Plafond de la dette. Ce terme est utilisé principalement aux États-Unis, pays qui s'impose une limite supérieure à son endettement, en théorie pour ne pas le laisser déraper. Mais lorsque les objectifs ne sont pas tenus, le président doit revenir devant le Congrès afin de demander l'autorisation de continuer à emprunter. Cet été, la forte opposition entre républicains, qui refusaient d'augmenter les impôts, et démocrates, réticents à accepter des coupes dans les dépenses, a failli placer les États-Unis en défaut de paiement.

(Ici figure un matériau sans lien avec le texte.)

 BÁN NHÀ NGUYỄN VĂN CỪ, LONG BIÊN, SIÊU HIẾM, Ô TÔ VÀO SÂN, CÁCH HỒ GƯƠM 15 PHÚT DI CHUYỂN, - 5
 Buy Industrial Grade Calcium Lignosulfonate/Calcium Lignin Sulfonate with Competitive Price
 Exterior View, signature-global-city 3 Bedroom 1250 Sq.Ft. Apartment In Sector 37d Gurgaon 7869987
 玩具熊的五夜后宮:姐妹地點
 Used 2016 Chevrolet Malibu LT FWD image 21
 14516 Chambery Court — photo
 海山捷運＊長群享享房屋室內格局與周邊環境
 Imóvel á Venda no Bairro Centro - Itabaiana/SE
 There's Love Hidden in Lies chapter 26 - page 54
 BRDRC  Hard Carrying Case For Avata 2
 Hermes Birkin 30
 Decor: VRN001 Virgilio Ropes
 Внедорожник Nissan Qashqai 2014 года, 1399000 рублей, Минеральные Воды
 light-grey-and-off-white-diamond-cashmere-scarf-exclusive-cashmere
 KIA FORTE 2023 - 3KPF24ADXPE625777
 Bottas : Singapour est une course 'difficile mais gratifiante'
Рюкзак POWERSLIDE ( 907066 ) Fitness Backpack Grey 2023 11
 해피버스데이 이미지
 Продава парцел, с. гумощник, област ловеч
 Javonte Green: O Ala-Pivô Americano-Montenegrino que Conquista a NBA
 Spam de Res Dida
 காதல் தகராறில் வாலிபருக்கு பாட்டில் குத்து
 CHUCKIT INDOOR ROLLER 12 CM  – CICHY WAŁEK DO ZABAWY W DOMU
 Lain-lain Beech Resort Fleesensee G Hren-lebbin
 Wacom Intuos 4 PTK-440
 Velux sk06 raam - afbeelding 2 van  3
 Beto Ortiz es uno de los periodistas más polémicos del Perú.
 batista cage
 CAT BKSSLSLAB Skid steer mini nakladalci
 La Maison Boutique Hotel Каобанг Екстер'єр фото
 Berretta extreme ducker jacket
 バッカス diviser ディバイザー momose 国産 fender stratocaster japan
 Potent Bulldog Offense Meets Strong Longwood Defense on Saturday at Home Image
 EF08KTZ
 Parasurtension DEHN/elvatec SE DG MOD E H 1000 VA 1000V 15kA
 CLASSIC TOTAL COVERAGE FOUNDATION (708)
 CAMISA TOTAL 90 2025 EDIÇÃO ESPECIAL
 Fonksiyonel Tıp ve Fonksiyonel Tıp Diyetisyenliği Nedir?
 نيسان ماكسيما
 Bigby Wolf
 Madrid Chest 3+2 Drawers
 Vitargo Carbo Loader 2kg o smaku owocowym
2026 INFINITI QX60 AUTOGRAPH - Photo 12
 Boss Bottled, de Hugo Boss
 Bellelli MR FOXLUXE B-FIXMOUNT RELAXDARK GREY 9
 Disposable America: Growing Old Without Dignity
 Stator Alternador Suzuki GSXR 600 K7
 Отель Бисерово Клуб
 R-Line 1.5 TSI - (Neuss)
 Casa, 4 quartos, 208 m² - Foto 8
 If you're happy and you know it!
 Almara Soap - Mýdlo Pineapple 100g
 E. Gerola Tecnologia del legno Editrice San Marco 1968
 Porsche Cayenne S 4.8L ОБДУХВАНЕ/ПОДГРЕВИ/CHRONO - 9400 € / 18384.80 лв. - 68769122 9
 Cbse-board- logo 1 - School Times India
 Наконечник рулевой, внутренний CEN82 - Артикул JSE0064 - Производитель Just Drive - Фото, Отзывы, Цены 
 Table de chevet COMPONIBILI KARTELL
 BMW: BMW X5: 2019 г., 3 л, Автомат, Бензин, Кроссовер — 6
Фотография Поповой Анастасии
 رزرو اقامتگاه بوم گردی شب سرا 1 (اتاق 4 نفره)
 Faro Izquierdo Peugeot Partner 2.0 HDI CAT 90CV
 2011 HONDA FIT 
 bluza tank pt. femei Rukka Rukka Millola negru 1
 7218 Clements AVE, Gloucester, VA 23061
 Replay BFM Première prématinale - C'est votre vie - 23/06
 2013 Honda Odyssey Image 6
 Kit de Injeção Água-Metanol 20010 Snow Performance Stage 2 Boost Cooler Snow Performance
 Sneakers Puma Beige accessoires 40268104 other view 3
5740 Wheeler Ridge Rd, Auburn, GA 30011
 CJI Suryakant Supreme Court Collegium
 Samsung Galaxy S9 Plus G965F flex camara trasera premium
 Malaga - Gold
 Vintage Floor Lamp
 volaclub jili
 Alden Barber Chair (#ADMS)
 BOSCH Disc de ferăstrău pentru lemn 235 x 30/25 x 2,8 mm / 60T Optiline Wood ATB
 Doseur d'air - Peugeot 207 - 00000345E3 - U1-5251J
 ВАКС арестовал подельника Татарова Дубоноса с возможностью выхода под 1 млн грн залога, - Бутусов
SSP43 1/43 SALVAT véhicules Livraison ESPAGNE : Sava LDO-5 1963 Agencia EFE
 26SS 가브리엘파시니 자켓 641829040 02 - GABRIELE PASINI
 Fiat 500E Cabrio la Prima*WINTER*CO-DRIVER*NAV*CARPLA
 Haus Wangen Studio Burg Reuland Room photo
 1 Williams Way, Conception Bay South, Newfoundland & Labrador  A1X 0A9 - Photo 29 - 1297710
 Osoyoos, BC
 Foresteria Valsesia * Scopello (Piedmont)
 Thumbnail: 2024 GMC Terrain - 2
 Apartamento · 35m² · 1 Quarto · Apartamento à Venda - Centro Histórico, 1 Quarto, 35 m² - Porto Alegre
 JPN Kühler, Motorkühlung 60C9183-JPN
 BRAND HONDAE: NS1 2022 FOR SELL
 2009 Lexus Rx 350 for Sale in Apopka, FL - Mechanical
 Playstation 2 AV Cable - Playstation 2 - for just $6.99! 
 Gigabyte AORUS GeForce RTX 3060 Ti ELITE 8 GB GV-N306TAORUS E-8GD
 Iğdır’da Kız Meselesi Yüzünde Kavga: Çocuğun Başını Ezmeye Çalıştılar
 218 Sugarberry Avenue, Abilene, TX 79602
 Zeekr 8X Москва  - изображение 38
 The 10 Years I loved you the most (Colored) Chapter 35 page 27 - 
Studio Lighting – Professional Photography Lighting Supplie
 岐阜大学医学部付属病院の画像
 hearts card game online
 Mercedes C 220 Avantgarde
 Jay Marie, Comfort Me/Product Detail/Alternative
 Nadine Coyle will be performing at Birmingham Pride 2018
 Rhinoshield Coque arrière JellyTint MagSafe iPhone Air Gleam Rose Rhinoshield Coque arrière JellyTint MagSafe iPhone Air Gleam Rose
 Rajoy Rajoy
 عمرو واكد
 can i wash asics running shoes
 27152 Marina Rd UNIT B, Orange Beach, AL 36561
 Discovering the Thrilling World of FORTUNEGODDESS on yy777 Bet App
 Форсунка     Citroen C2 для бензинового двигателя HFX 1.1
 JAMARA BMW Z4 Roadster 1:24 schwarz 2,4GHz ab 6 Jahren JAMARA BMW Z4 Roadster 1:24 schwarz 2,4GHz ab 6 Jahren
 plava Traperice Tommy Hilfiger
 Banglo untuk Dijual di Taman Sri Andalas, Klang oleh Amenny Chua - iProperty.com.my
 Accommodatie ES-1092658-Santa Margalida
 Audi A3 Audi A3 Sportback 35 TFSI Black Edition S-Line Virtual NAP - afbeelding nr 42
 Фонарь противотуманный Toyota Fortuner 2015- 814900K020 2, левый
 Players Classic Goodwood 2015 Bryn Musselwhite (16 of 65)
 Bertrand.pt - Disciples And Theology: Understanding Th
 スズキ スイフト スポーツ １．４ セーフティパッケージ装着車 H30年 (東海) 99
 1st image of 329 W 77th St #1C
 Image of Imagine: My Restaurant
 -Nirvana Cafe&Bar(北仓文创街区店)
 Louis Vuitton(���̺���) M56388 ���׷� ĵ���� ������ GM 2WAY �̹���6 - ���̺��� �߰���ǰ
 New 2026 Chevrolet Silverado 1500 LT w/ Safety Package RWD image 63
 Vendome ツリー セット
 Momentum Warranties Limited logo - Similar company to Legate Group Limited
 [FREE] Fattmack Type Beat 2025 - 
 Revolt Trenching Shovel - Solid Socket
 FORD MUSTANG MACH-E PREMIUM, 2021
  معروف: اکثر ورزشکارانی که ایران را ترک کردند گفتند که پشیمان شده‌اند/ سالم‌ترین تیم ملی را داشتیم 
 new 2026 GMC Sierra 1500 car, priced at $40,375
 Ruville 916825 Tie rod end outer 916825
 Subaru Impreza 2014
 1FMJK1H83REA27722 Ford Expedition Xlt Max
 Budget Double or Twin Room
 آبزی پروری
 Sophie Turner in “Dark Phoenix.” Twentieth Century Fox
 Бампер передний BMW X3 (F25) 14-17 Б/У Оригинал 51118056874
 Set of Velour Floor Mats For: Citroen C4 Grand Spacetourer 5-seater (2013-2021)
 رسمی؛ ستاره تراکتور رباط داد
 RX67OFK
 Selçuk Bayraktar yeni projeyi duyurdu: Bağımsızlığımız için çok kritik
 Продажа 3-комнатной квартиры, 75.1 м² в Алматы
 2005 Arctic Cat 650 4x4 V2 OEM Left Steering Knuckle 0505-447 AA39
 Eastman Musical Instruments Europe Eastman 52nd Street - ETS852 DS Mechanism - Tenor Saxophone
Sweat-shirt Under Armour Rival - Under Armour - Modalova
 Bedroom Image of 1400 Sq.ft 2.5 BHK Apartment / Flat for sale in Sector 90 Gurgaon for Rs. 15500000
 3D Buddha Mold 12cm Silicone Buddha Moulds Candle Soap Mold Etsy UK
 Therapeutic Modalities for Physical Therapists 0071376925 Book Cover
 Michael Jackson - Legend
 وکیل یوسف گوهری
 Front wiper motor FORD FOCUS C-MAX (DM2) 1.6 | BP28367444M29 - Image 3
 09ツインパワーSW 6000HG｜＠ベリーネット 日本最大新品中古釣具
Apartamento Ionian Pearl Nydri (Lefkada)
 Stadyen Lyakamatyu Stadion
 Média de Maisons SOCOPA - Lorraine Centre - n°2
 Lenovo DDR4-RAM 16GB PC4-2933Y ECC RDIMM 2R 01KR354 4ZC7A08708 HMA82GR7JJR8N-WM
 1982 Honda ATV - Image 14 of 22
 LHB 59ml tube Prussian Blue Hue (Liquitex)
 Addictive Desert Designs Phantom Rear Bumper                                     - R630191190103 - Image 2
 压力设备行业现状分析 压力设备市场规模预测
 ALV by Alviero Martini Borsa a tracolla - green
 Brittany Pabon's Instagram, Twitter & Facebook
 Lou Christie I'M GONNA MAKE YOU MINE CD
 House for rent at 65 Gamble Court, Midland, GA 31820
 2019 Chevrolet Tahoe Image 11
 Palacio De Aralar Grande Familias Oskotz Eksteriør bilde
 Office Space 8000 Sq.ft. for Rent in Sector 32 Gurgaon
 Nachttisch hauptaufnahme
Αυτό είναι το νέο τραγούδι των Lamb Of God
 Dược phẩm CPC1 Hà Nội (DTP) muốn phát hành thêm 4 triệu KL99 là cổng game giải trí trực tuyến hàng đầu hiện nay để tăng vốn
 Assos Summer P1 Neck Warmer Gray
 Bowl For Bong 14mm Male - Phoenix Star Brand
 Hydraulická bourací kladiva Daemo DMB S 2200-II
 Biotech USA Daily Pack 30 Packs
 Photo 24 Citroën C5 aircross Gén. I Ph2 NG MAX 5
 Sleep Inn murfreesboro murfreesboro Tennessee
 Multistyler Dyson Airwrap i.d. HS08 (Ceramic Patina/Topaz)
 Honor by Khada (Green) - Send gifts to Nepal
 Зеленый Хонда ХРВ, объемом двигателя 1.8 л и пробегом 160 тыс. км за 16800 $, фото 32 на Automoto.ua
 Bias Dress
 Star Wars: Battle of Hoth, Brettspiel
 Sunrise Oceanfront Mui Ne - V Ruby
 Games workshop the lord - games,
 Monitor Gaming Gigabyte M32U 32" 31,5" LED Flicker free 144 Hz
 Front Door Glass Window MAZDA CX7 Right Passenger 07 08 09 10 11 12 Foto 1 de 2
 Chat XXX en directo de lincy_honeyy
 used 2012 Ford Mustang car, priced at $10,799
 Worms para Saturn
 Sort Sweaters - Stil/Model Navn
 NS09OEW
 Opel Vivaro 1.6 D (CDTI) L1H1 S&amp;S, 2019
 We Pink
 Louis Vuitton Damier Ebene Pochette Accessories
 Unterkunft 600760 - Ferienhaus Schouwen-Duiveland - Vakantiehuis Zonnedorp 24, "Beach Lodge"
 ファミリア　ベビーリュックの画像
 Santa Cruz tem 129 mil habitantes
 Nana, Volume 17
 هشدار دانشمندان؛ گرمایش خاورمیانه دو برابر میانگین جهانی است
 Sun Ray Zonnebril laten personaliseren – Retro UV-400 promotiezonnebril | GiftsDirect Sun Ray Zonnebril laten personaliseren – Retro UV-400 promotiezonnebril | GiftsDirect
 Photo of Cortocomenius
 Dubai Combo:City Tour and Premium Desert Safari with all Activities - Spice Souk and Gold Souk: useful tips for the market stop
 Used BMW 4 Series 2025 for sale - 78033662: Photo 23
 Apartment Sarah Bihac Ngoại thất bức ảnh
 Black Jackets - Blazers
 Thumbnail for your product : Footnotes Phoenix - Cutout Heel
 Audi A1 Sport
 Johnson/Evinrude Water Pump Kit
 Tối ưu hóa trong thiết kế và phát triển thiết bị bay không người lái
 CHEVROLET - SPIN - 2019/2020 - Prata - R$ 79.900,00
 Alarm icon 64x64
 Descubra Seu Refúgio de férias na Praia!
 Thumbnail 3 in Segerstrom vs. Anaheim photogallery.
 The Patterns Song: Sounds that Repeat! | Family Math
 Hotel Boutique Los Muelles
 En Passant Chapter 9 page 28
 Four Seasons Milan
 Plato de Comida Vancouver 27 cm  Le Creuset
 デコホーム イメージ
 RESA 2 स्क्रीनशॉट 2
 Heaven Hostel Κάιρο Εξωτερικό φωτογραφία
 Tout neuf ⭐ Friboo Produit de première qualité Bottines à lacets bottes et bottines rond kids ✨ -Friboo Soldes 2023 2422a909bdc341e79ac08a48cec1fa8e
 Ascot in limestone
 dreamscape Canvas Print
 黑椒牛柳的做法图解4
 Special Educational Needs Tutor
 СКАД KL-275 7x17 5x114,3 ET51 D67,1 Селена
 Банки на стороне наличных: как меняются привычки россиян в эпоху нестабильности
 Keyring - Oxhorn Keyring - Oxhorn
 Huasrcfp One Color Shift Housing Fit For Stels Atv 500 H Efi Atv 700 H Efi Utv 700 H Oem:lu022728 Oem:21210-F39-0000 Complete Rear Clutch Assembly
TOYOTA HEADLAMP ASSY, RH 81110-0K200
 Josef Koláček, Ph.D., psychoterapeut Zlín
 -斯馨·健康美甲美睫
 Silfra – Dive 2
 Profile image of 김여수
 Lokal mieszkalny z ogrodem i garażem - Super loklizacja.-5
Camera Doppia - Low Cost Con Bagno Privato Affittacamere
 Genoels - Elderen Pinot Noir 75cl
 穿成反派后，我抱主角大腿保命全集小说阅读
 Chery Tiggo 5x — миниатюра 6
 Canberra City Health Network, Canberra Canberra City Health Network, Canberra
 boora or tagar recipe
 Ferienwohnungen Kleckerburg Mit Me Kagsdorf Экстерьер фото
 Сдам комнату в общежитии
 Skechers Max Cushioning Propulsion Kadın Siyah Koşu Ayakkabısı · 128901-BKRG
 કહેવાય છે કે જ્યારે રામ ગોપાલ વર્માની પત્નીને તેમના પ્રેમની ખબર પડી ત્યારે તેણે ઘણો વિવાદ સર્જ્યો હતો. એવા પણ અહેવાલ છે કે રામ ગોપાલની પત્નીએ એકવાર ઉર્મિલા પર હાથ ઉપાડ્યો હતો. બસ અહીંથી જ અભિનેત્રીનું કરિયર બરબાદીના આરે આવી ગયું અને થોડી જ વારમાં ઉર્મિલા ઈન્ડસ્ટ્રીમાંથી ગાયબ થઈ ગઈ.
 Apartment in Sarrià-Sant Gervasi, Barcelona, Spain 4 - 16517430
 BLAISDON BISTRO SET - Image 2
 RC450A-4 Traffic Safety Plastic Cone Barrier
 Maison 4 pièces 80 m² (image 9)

Défaut de paiement. Un État peut se retrouver dans une situation où il est incapable de payer les intérêts de sa dette ou d'en rembourser une partie. Il est alors déclaré en défaut de paiement. Pour s'en sortir, il doit restructurer sa dette. Concrètement, il annonce aux investisseurs qu'il ne remboursera qu'une partie des obligations ou, au minimum, qu'il les remboursera bien plus tard que prévu. C'est ce que la Grèce a été obligée de faire pour être de nouveau capable de faire descendre le niveau de sa dette. On a alors parlé de "participation du secteur privé".
Insolvabilité. Lorsque l'endettement d'un État augmente durablement plus vite que ses revenus, sa dette augmente. Au bout d'un certain temps, la croissance de la richesse nationale ne lui permet plus de rembourser. Il devient insolvable. Il risque alors le défaut de paiement sur sa dette. Seule solution : ne pas rembourser intégralement ses créanciers. Les États-Unis ont frôlé le défaut de paiement avant le 2 août, le Congrès refusant de laisser l'État s'endetter plus. Mais Washington n'était pas insolvable ; il avait toujours la capacité de rembourser sa dette, notamment grâce à la confiance des investisseurs dans la signature américaine. Certains États sont parfois confrontés à une crise de liquidité : les investisseurs refusent temporairement de lui fournir de l'argent à un taux raisonnable sans qu'il soit pour autant insolvable.
Double dip. Ce mot anglo-saxon désigne une reprise économique en "W". Il signifie que la croissance rechute après avoir rebondi à la suite d'une première crise. Beaucoup d'économistes considèrent maintenant que les États-Unis ont une chance sur deux de se retrouver dans ce scénario, c'est-à-dire que la croissance replonge.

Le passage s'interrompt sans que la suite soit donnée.